Dalam pembuatan lukisan “Badai”, waktu yang dibutuhkan Morris yakni kurang lebih dua minggu. Namun, dua minggu bukanlah waktu keseluruhan dalam penyelesaian lukisan tersebut. Dua minggu adalah waktu perkiraan yang dapat dilihat, dan untuk waktu keseluruhannya tidak dapat ditentukan. Sebab, terkadang ia merasa ada sesuatu yang membuatnya untuk tidak melukis sejenak.

Teknik yang ia gunakan dalam membuat lukisan “Badai” yaitu teknik alla prima. Alla prima adalah salah satu teknik melukis menggunakan cat minyak. Namun, ia menggunakan teknik alla prima tersebut dengan menggunakan cat akrilik yang ditimpa secara terus menerus.

“Berapa lamanya, kalo lamanya, tu mungkin dua minggu, ya. Kalo waktu yang bener-bener waktu yang bisa dilihat. Tapi, proses pengerjaannya gak menentu, sih. Kadang ada sesuatu sebab yang kayaknya aku harus gak melukis, melanjutkan catku, untuk tak (aku) lukiskan di lukisanku, gitu,” jelasnya.

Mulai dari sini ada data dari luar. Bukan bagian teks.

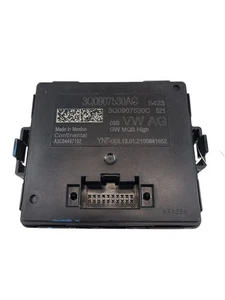 Chassis ECM Network Gateway Dash Mounted Fits 18-23 ATLAS 647746 - Picture 1 of 12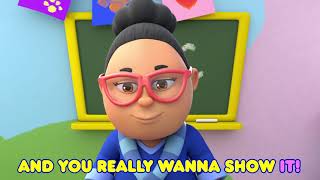 Blues Clues - If Youre Happy & You Know It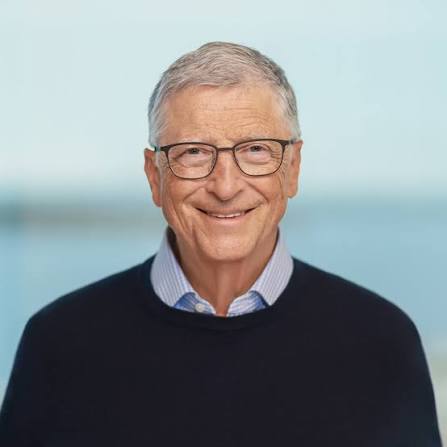 Bill Gates: Inteligjenca artificiale mund të shkaktojë vdekjen e një miliard njerëzve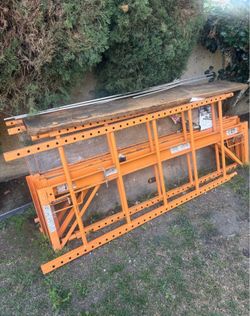 Scaffold For Sale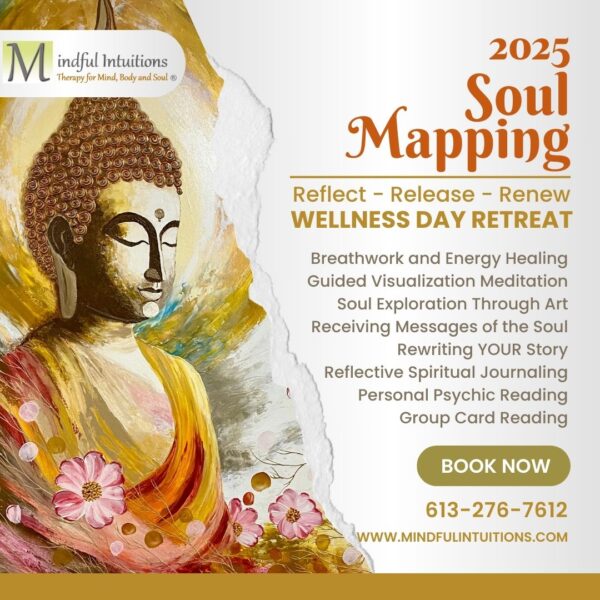 Wellness Day Retreat with Pooja Grover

“Tekniknya, teknik-teknik, nama tekniknya, to (kan)? Nama tekniknya, Alla Prima, sih. Namanya Alla Prima. Alla Prima itu salah satu teknik cat minyak. Cuma aku pake dalam cat akrilik gitu loh. Jadi, menimpa-menimpa terus seperti itu,” lanjutnya.

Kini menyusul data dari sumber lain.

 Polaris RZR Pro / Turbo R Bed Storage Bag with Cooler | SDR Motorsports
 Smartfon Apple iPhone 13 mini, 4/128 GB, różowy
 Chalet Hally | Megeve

Dalam proses pembuatannya, ia tidak merasa kesulitan untuk memvisualisasikan lukisannya. Namun, bagian tersulit baginya saat menemukan ide dan sebuah narasi yang akan disampaikan pada khalayak umum. Sebab, dalam lukisan tersebut ada beberapa makna yang harus disembunyikan. Sehingga, sebuah makna yang misterius itu ia ungkapkan melalui metafora lain. Untuk konsep keseluruhannya, sudah ia gambarkan dalam lukisan tersebut.

Morris menginginkan para penikmat seni memiliki asumsi tersendiri dalam memaknai karya lukisnya.  Oleh karena itu, ia menyembunyikan sebuah pesan dalam lukisan tersebut yang digambarkan melalui simbol-simbol yang ada pada lukisan “Badai” tersebut. Contohnya seperti penggambaran buku yang bertuliskan “Art Merdeka” pada lukisan itu..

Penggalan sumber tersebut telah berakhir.